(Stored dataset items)
== Segment start ==

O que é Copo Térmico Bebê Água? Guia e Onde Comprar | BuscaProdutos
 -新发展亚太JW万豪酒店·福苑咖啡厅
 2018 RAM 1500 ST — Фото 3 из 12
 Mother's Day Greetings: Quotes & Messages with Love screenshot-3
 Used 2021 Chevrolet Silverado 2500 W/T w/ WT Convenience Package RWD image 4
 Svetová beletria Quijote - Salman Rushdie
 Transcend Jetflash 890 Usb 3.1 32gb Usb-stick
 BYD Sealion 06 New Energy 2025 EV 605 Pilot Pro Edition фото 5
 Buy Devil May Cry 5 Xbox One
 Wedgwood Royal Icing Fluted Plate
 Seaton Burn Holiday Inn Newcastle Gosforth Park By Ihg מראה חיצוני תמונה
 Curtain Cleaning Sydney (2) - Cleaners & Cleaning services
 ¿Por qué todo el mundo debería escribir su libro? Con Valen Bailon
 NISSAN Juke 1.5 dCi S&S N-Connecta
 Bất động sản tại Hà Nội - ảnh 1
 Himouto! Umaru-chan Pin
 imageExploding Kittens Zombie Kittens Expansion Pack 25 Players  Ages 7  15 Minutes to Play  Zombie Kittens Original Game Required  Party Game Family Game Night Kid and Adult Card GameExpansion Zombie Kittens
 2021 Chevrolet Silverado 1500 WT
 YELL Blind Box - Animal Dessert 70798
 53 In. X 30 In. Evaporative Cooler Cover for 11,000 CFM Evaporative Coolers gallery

== Segment end ==

Repeat the entries verbatim through the line with "Svetová beletria Quijote - Salman Rushdie".

> _Answer to the exercise_
O que é Copo Térmico Bebê Água? Guia e Onde Comprar | BuscaProdutos
 -新发展亚太JW万豪酒店·福苑咖啡厅
 2018 RAM 1500 ST — Фото 3 из 12
 Mother's Day Greetings: Quotes & Messages with Love screenshot-3
 Used 2021 Chevrolet Silverado 2500 W/T w/ WT Convenience Package RWD image 4
 Svetová beletria Quijote - Salman Rushdie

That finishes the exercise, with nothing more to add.